The Institutional Review Board (IRB) is designated by Montclair State University to ensure that research involving human participants is conducted in compliance with federal and state laws and University policy. The IRB safeguards the rights, welfare, and privacy of research participants by ensuring that individuals are not exposed to undue risk and that informed consent is obtained freely and without coercion.
The IRB is authorized to review, approve the initiation of, and conduct periodic reviews of all research projects involving human participants conducted by faculty, staff, students, and guests affiliated with the University. Federal regulations require that investigators obtain prior dated and written IRB approval before beginning any human subjects research, regardless of funding source or funding status.
Before participants are recruited into prospective studies, the IRB reviews research protocols to ensure that appropriate protections are in place. The Board works collaboratively with investigators and research teams to promote ethical research design and regulatory compliance. Studies undergo continuing review at least biannually to ensure ongoing protection of participants.

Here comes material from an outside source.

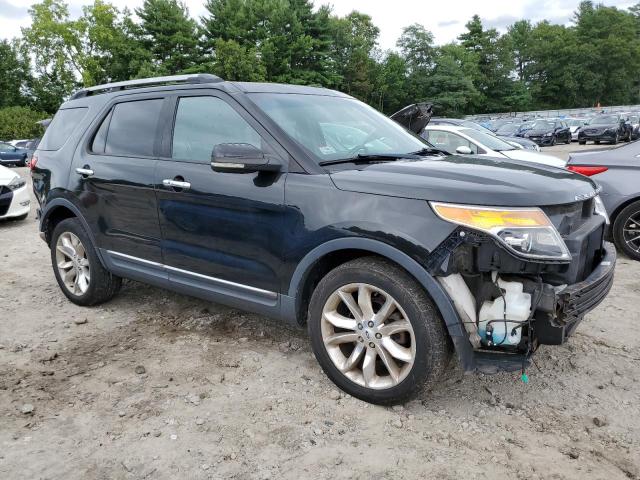 Photo 3 VIN: 1FMHK8F85CGA89225 - FORD EXPLORER L 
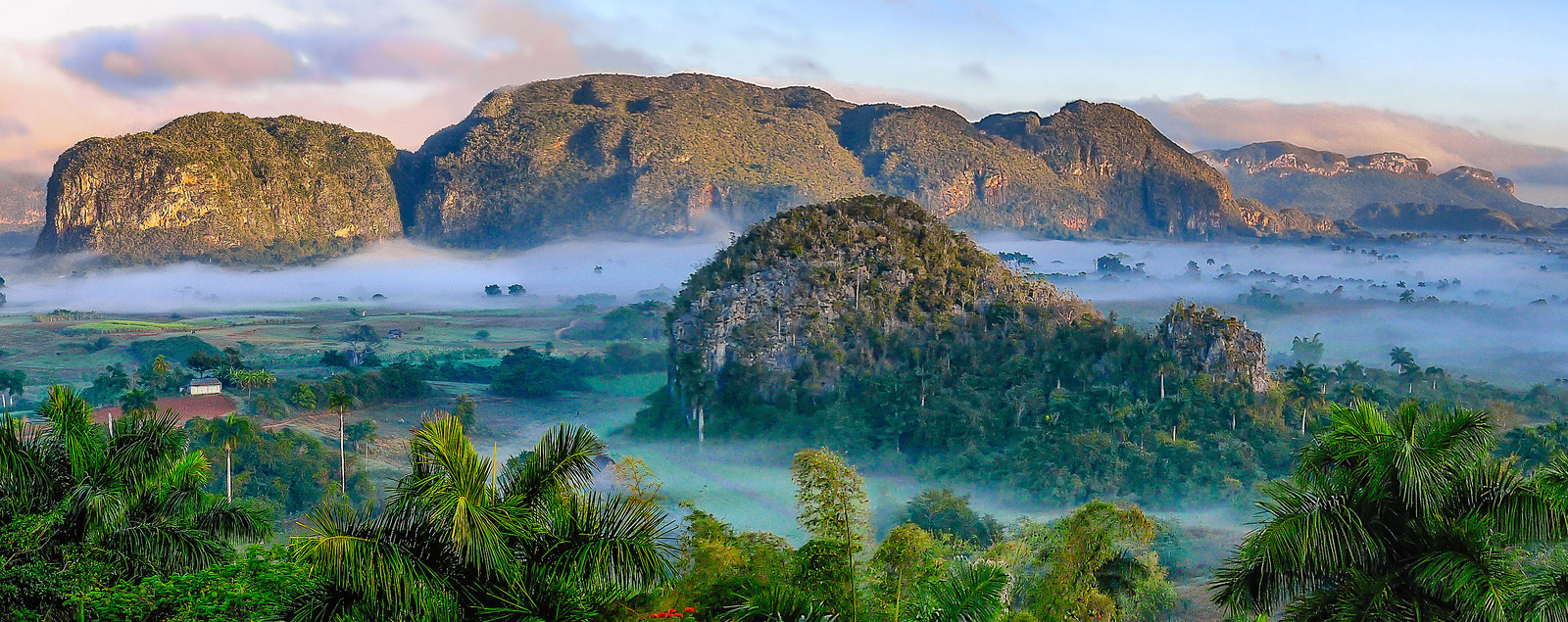 Varadero to Vinales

The IRB is composed of members from diverse academic disciplines within the University as well as representatives from the broader community, allowing for thoughtful and individualized review of each proposal. Its processes are conducted in accordance with federal regulations developed to protect human subjects, with oversight provided by the U.S. Department of Health and Human Services through the Office for Human Research Protections (OHRP).
Montclair State University’s Federalwide Assurance (FWA00005270), filed with the Department of Health and Human Services, formalizes the institution’s commitment to comply with these federal requirements.
This website provides investigators and the research community with the guidance, policies, and materials necessary to obtain IRB approval for research involving human participants.